Black Music Matters Festival

Gary Allan

Smoke Rings in the Dark – 1999 (MCA)

Reviewed by Jeffrey B. Remz

CDs by Gary Allan

West Coast honky tonker Gary Allan may have switched labels, but that's about all that's new on his third CD. And that's great news for meat-and-potatoes country fans. He keeps it spare and often sad throughout. Heck, there may not be a more solemn tearjerker this year than "Don't Tell Mama," the lament of a truck driver whose fear as he lays dying is that his mama will learn he's been drinking.

The real star here is Allan's voice , as dramatic as ever. His slight whine infuses the requisite emotion each song cries for often with a '50's feel.

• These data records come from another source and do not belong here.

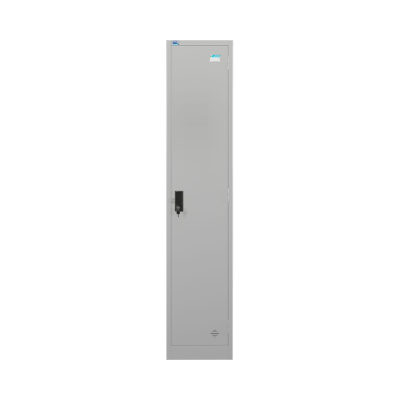 TỦ LOCKER-TU981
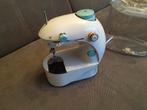 Portable sewing machine, Ophalen of Verzenden, Nieuw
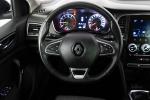 renault-megane-sport-tourer-2021-gasolina-1332cc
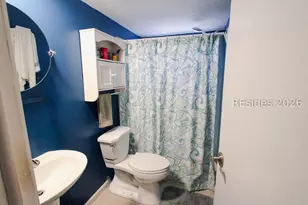 14 Mickey D Ln, Beaufort, SC 29907 - Photo 49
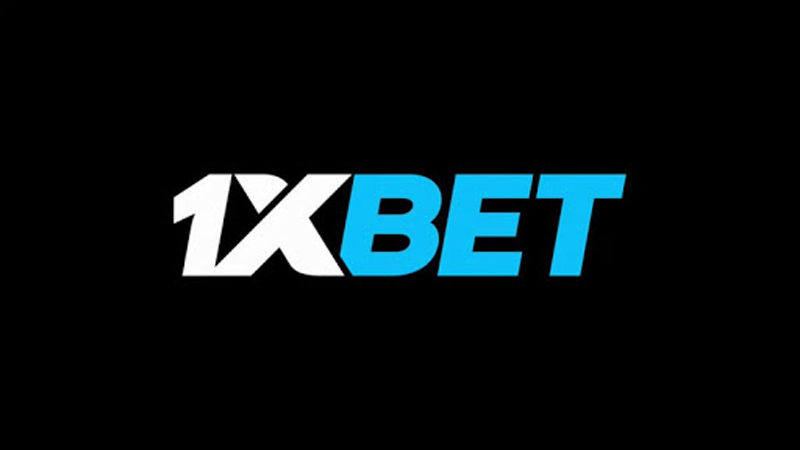 1xBet Download APP 2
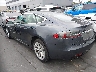 5YJSA1E26JF****** Salvage and Repairable 2018 Tesla Model S in Ace Carson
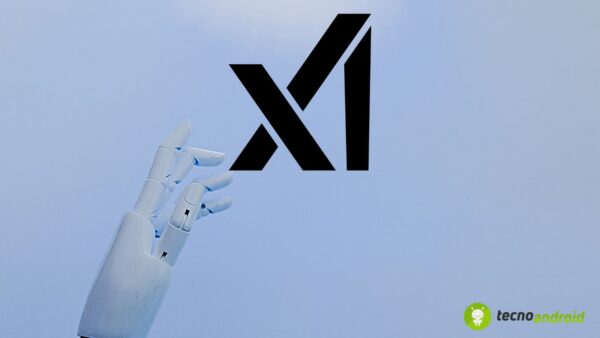xAI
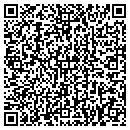 QR code with Ssu Alumni Assn contacts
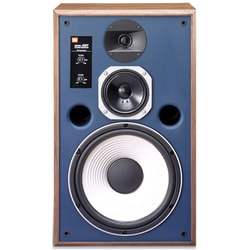 ヨドバシ.com - ジェイビーエル JBL ミドルフィールド・モニター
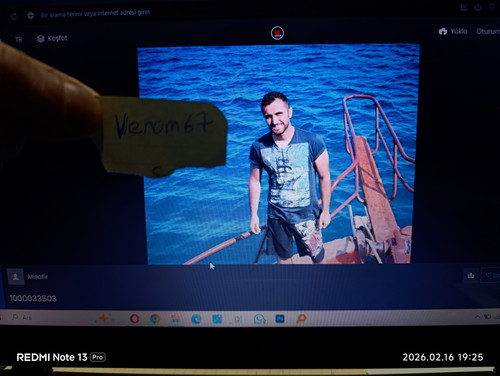 1000061659.jpg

And there's a lot of crying going on here from the haunting title track to the ballad "Bourbon Borderline" to " "Cowboy Blues."

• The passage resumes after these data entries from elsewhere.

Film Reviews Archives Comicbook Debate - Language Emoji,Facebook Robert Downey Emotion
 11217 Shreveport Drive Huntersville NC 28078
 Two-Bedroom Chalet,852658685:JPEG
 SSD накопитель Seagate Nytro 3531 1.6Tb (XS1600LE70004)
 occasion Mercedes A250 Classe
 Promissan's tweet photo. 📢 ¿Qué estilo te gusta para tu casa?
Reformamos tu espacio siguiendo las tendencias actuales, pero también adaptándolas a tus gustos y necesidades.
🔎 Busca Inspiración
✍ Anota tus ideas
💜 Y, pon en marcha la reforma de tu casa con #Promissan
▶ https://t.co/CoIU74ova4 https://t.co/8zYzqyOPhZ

You might question whether we really need another version of "Runaway." Allan is smart enough to know that you can't merely do a rehash. He doesn't on his rootsy version with his voice making you feel the "pain" and "misery," making the song sound as fresh almost four decades later. His bandmate Jake Kelly throws in the tasty guitar licks. And he is not the only musician who shines. Allan used a combo of his band and session folks like Dan Dugmore and Brent Rowan. Fortunately, it's not a paint by the numbers affair.

And further credit goes to producers Tony Brown and Mark Wright, who don't recreate Allan. Instead, they let him do what he does best - sing country music.